Но, копнув глубже, как понять нам собственную брезгливость, когда мы задумываемся об ожидающем роденовские работы будущем посмертном литье? Не цепляемся ли мы в этом за культуру оригиналов, которой нет места среди репродуцируемых медий? На нынешнем рынке фотографии эта культура - старых отпечатков - пускается во все тяжкие. Старый отпечаток характеризуется как сделанный "в близкой эстетике" - т.е. как объект, созданный не только самим фотографом, но и примерно в то же время, что и съемка. Это конечно механистический взгляд на авторство, он не учитывает, что некоторые фотографы - худшие печатники, чем те, которых они нанимают, что через много лет после того, как фоторафия сделана, фотограф переиздает ее, заново собирая урожай со старых снимков, иногда сильно улучшая их; или что возможно воссоздать старую бумагу и старые химикаты, воскрешая таким образом вид старых снимков XIX века, так что аутентичность не обязана быть производной от истории технологии.

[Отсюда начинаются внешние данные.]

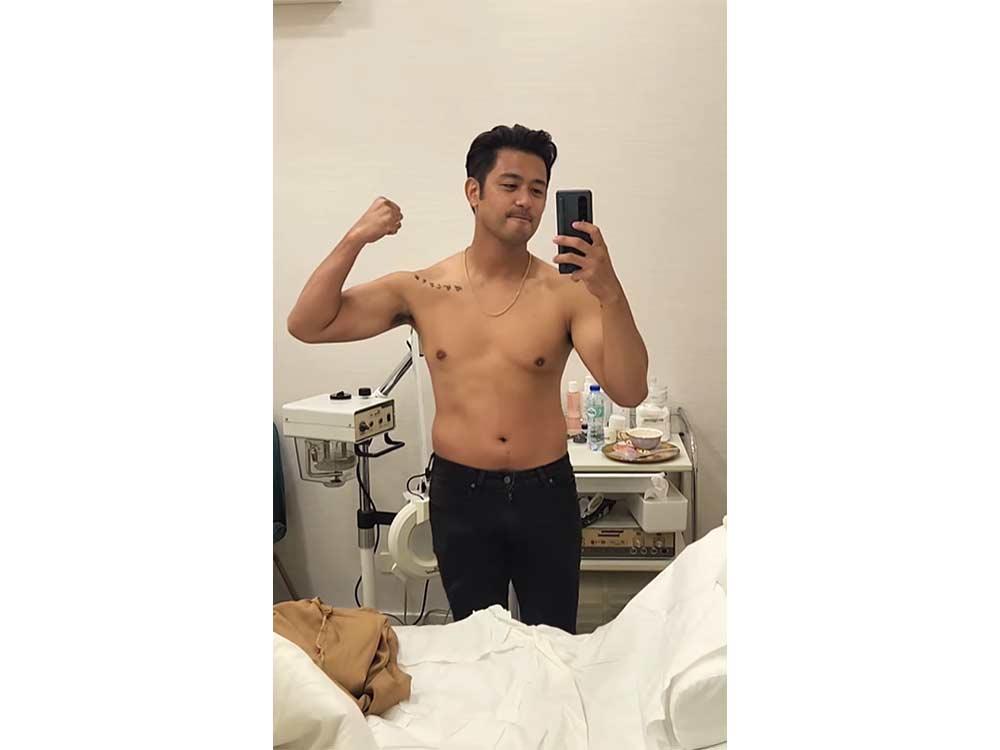 Rocco Nacino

Формула, определяющая фотографический оригинал как отпечаток, сделанный "в близкой эстетике", - это, очевидно, формула, предписанная художественно-исторической идеей стиля определенной эпохи и применяемая к практике тонкого вкуса. Стиль эпохи - особая форма связи, которая не может быть нарушена обманным способом. Аутентичность, скрытая в идее стиля, есть результат самого стиля, задуманный сообща и бессознательно при его изобретении. Таким образом, индивидуум по определению не может сознательно повелевать стилем. Поздние копии можно разоблачить, поскольку они принадлежат другому периоду. Действительно, сдвиг в чувствительности, нарушив светотень, сделает очертания или слишком резкими, или слишком мутными, разрушит старую систему связности. Мы чувствуем, что отливка "Врат Ада" 1978 года оскверняет, как раз эту идею стиля эпохи. Нас не беспокоит, в порядке ли авторские права, ибо на кону эстетические права стиля, основанные на культуре оригинала. Сидя в маленьком кинозале, наблюдая новейшее литье "Врат", наблюдая осквернение, нам хочется крикнуть: "Обман!"
Так зачем начинать дискуссию об авангардном искусстве с истории о Родене, отливках и копирайте? Тем более, что Роден кажется последним, кто может прийти в голову в связи с этой темой - столь популярен он был при жизни, так прославлен и так быстро втянулся в трансформацию своих работ в кич.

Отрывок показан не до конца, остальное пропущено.